Doing the Tango with Brucie

I'm getting ahead of myself. Although I've just finished chapter 8, I'm starting to think about the end of the process. Book 1 only became "Echo" quite some time after it was finished. Echo herself only become Echo a day or two before hand. Prior to that she'd been called Chorus, after the narrator in some of Shakespeare's plays. At some point over tea one night,  I was persuaded that it wasn't a great name and I changed the names of the three constructs around. Surprisingly I've thought of her as Echo rather than sticking with the name she'd had for the previous twelve months in my head. A day or two later I decided to name the book after my main protagonist.

Throughout the writing the working title of book 1 was Scenario Five.

'Five basic scenarios.’ She ticked them off on her fingers and I noticed that the tip of one was missing. ‘Guard, Hot insertion, Cold insertion, Pursuit and, number Five, everybody’s favourite, Lost contact. Whenever we find whatever it is we’re looking for there are inevitably dark corridors full of traps, xenomorphs, madmen. Danger and destruction.’

At that point the story was basically about the investigation into the loss of contact with a research station. However, as is their want, York's crew get themselves mixed up into a conspiracy that coulddisrobe stability of the Empire itself.

So, whilst book 2 is meant to be about the search for the lost Visionary Ship, the Arthur C Clarke, one of the five ships that carried humans from Old Erth to their new homes, who knows where the story is actually going to go, and I'd be a fool to try and predict it.

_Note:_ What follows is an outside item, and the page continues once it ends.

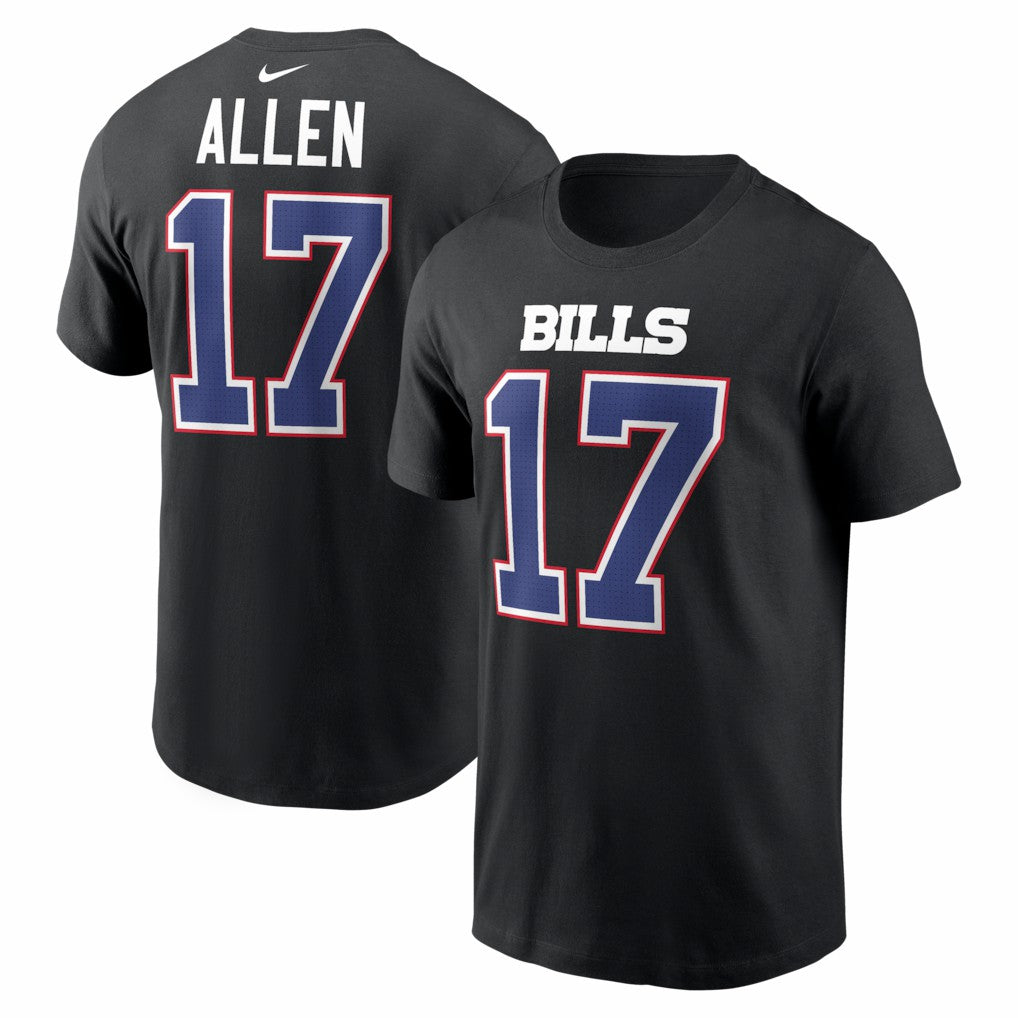 Josh Allen Buffalo Bills Carbon Name & Number T-Shirt - Black for sale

It's a bit too soon to start thinking about a title then, isn't it? The working title is "Clarke", but I've taken a fancy to "Outcast". I'm definitely going for a one word title as a theme through the series and currently Outcast is the word for book 2.

I have some concerns. First, that I'll end up tailoring the story around the title rather than the other way round. The other is that I came up with the title after hearing Hey Ya on the radio several times over the course of a couple of days. Not a good reason.

I'm also itching to start work on the cover. I love the work Cathy Helms did for Echo and I've no idea whether she's got any more pictures of Trout Pout and Slap Head or whether we'll have to go with something else as the part that we take through the series. I like themes and it would be good to have something that appears in all, in one form or another.

Of course, I could just write faster so that I can do the title and cover sooner rather than later. But, as a writer, it's as much about the journey as it is the end product. Oh no, I sound like I'm on Strictly (Dancing with the stars for you Yanks). I better stop there before I commit to giving 110%.